-- Opening Marker --

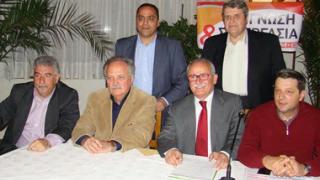 ΑΜ-Θ: Οι υποψήφιοι του συνδυασμού 'Γνωση και Συνεργασία'.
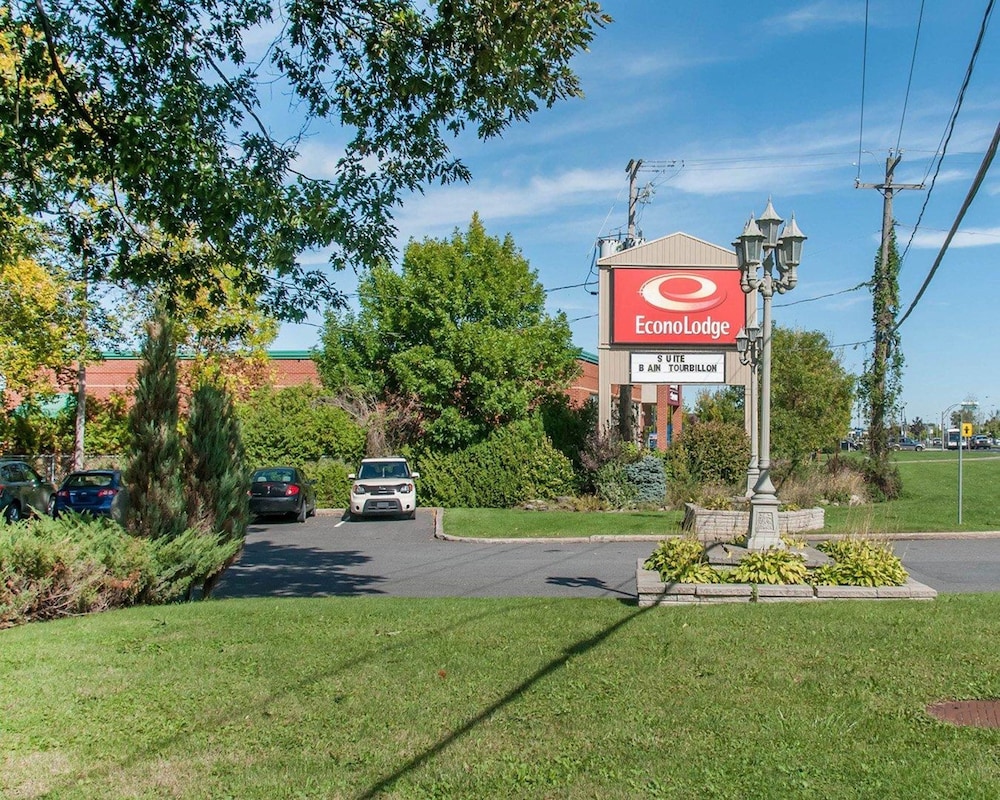 Econo Lodge Longueuil Brossard in 2023 Updated prices, deals Klook United States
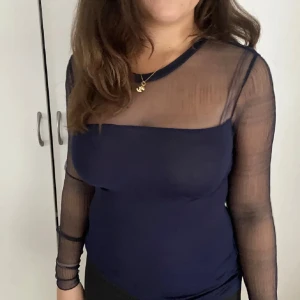 Fest topp - Skit snygg tröja som passar till flera tillfällen, kommer inte till användning av mig därför säljer jag💓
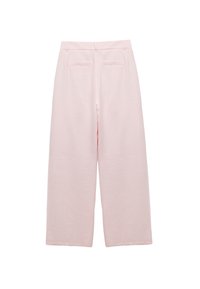 Lichtroze wijde broek met riemlussen en twee achterzakken, weergegeven op een witte achtergrond.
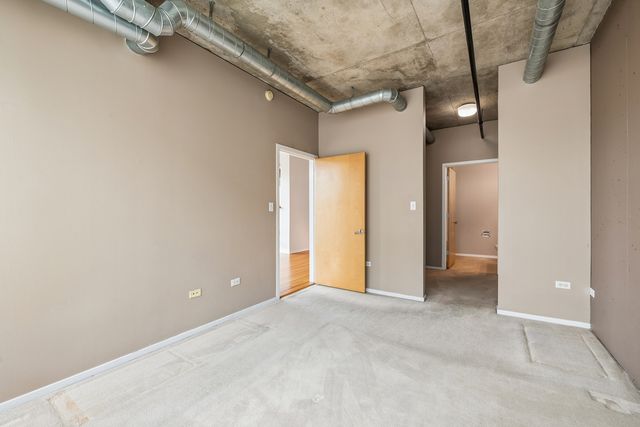700 W VAN BUREN Street 604, Chicago, IL 60607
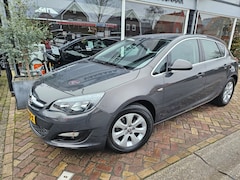 Opel Astra - 1.4 Turbo Blitz, trekhaak, navi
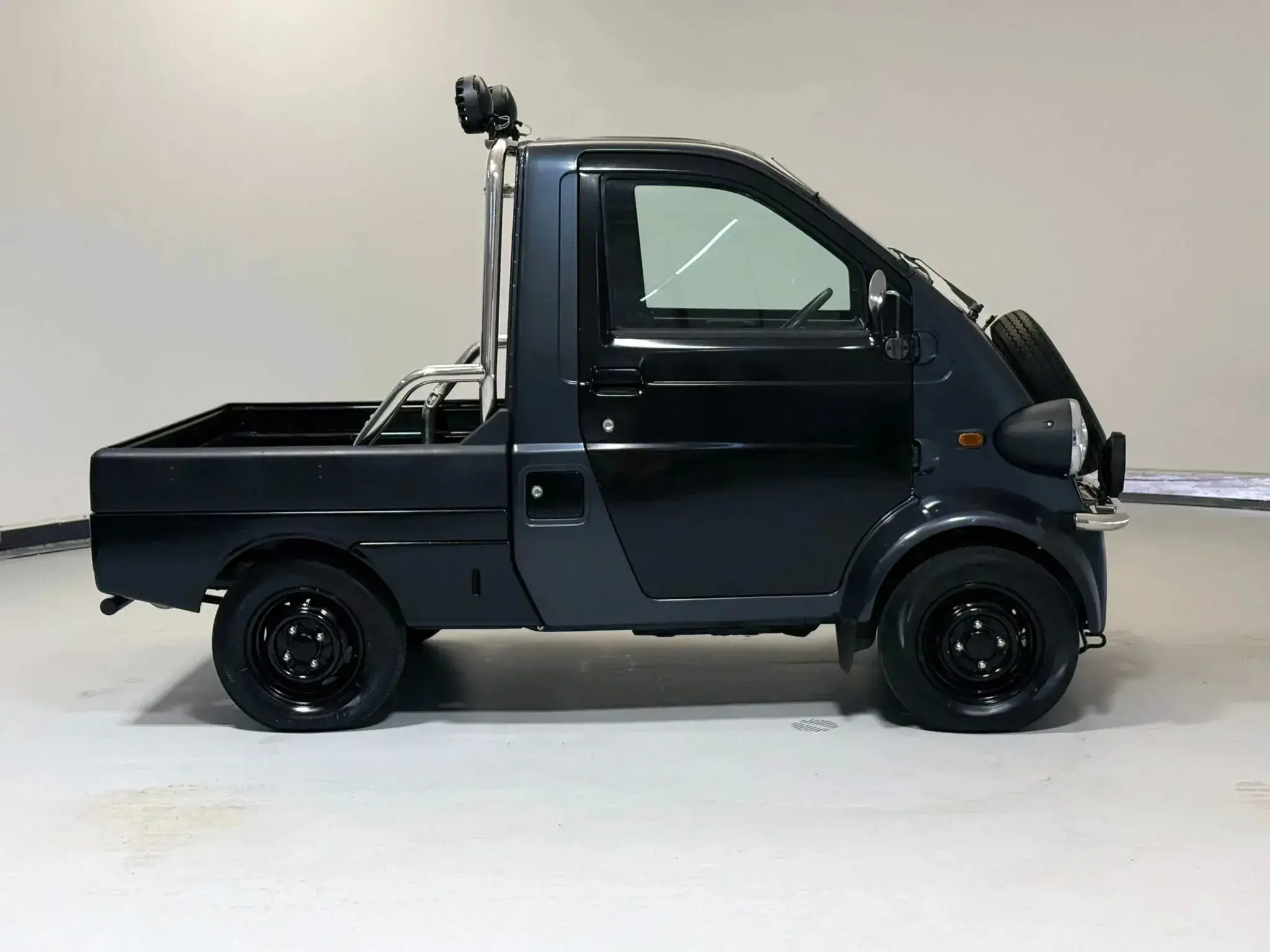 Iconic kei car Daihatsu Midget II from the game Gran Turismo put up for auction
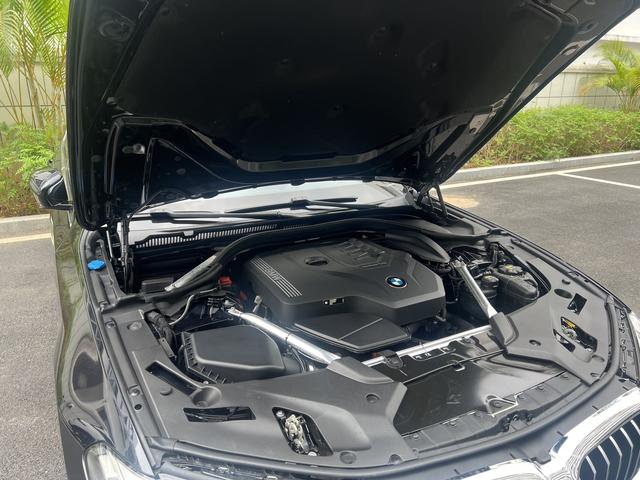 BMW 5 Series 2023 immagine di auto #20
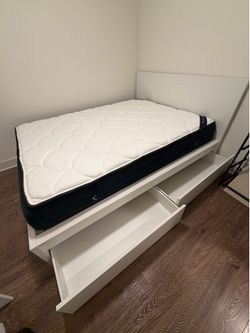 Dreamcloud Classic Memory Foam Mattress
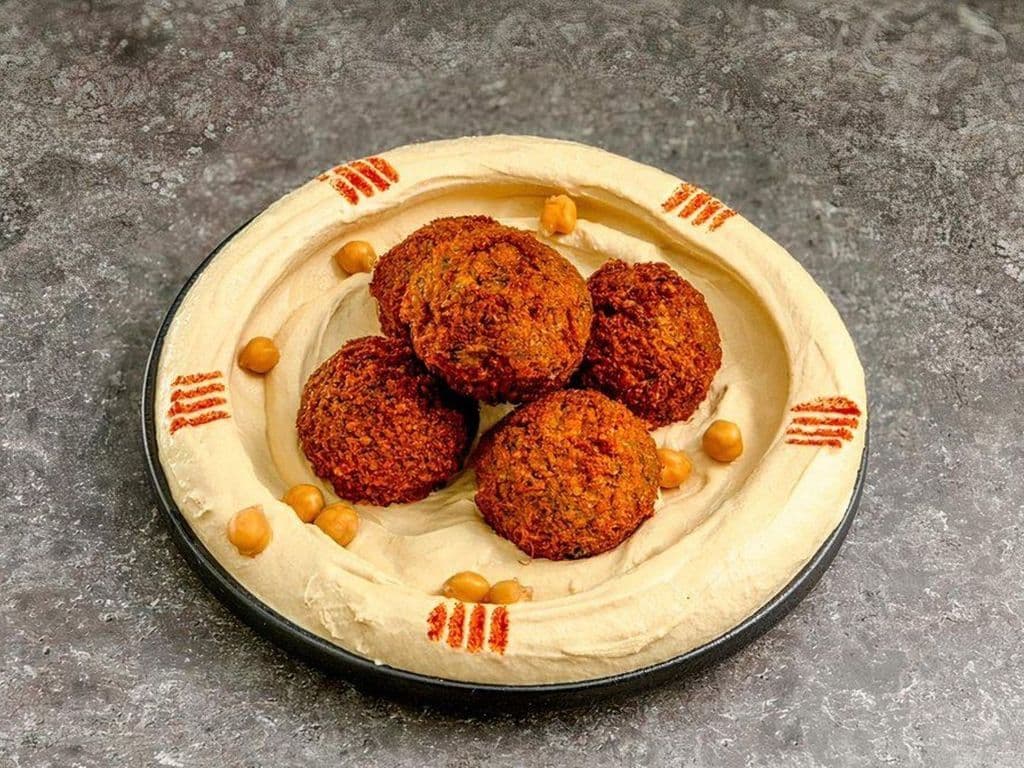 Hummus Plate with Falafel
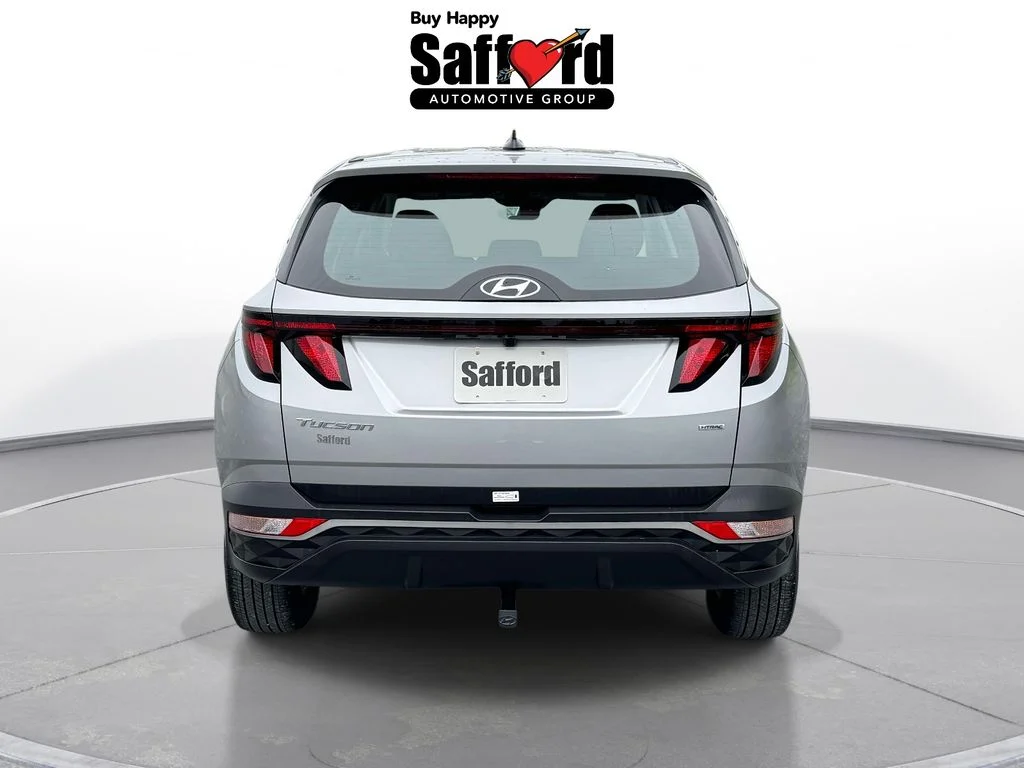 Used 2024 Silver Hyundai SE image 6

-- Closing Marker --

Exactly as they appear above, write out all the entries, without pictures.

 ΑΜ-Θ: Οι υποψήφιοι του συνδυασμού 'Γνωση και Συνεργασία'.
 Econo Lodge Longueuil Brossard in 2023 Updated prices, deals Klook United States
 Fest topp - Skit snygg tröja som passar till flera tillfällen, kommer inte till användning av mig därför säljer jag💓
 Lichtroze wijde broek met riemlussen en twee achterzakken, weergegeven op een witte achtergrond.
700 W VAN BUREN Street 604, Chicago, IL 60607
 Opel Astra - 1.4 Turbo Blitz, trekhaak, navi
 Iconic kei car Daihatsu Midget II from the game Gran Turismo put up for auction
 BMW 5 Series 2023 immagine di auto #20
 Dreamcloud Classic Memory Foam Mattress
 Hummus Plate with Falafel
 Used 2024 Silver Hyundai SE image 6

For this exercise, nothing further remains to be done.